*Exercise requirements*
In full and word for word, copy the listing; no pictures belong in the copy.

*Source data*
******
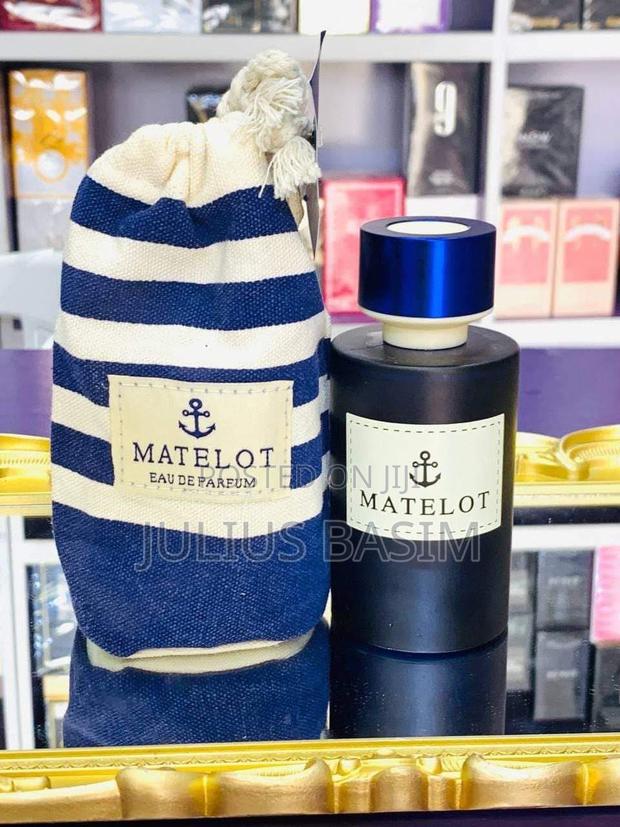 Matelot Perfumes · Photo 2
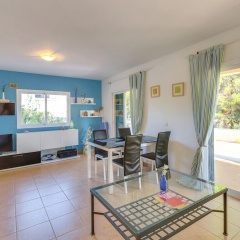 Villa Playa DE Muro by Priority - Bild 7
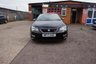 USED 2017 17 SEAT LEON 2.0 TDI FR Titanium Technology SportCoupe (s/s) 3dr FULL SEAT HISTORY+1 OWNER+12K+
******
*Task response*
 Matelot Perfumes · Photo 2
 Villa Playa DE Muro by Priority - Bild 7
 USED 2017 17 SEAT LEON 2.0 TDI FR Titanium Technology SportCoupe (s/s) 3dr FULL SEAT HISTORY+1 OWNER+12K+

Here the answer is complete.